Stolt Offshore used data collected from a full-scale towing test conducted in those early days in 8,200 ft (2,500 m) of water to validate the proposed Algeria-to-Spain line, combining them with modern technology and lessons learned from deepwater operations in West Africa to reassess the viability of towing pre-built lines under ultra deepwater conditions.

Successful towing of bundled risers and production flow lines from shore to the Girassol project offshore Angola motivated Stolt Offshore engineers to consider that method for developing deepwater oil and gas fields. Engineering work resulted in a new towing configuration that optimized the capabilities of existing ocean-class tugs and set the dimensional criteria for pipelines to be towed.

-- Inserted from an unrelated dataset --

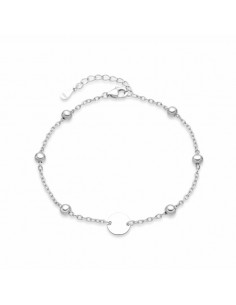 Pulsera de plata con bolitas y medalla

The authors said the new tow technique shapes the line into a wave configuration by alternating with positive and negative buoyancy in the pipe, allowing flexibility to the depth of the line during the towing operation. As a consequence, numerical simulations have shown that a pipeline length of about 6.2 mi (10 km) could be towed either on the surface or under water by only a single lead tug and a single trail tug, they said. Pipelines up to about 12.5 mi (20 km) in length also could be towed in a similar manner with the assistance of three additional intermediate tugs, according to their findings.